# [Exercise]
Write out the data word for word and drop any picture you find.

# [Given information]

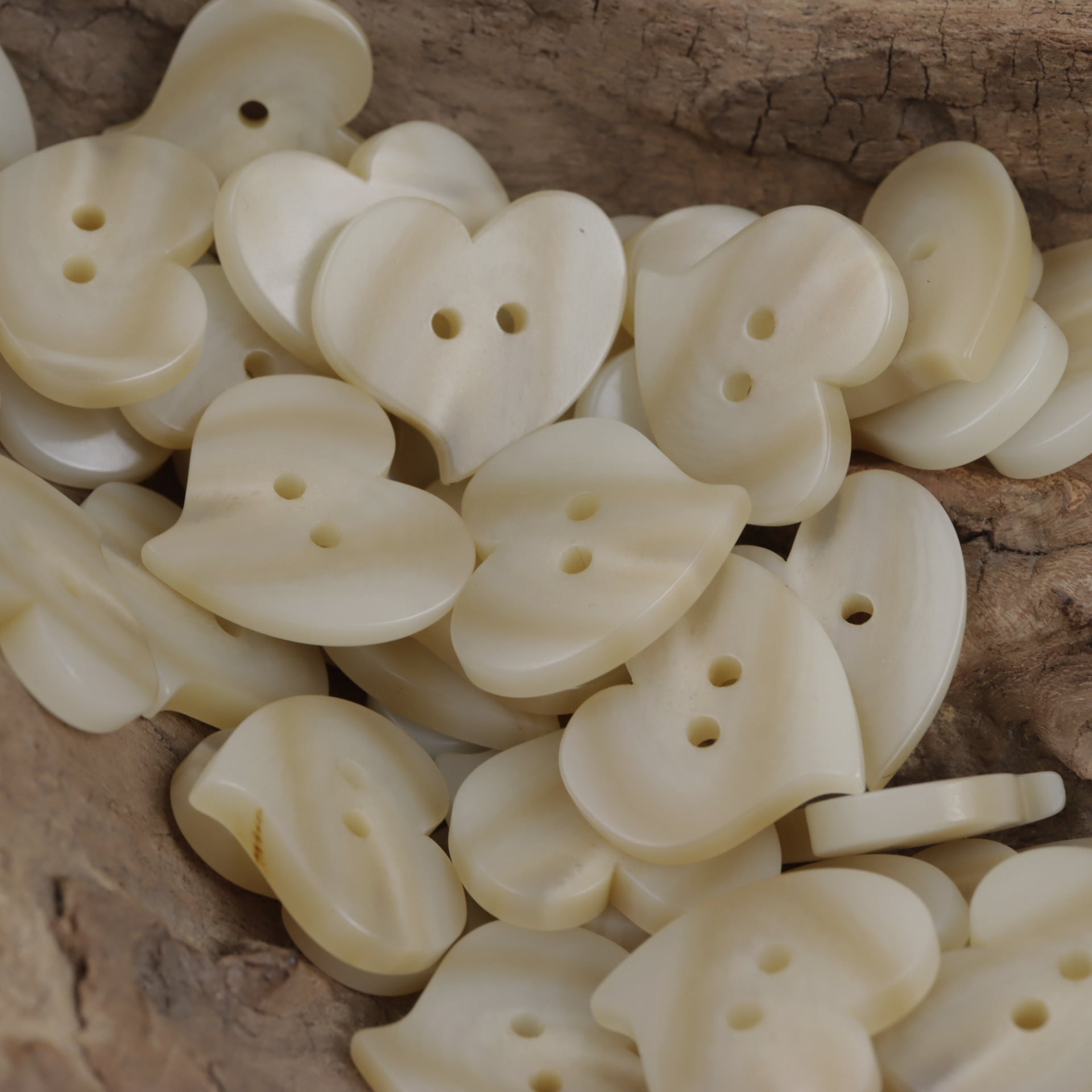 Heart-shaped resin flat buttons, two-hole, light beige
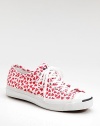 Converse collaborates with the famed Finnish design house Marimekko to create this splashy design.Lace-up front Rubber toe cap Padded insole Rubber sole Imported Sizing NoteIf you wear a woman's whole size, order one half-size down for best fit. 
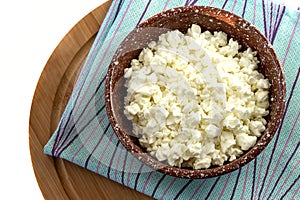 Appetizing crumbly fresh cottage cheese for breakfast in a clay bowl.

# [Task response]
 Heart-shaped resin flat buttons, two-hole, light beige
 Converse collaborates with the famed Finnish design house Marimekko to create this splashy design.Lace-up front Rubber toe cap Padded insole Rubber sole Imported Sizing NoteIf you wear a woman's whole size, order one half-size down for best fit. 
 Appetizing crumbly fresh cottage cheese for breakfast in a clay bowl.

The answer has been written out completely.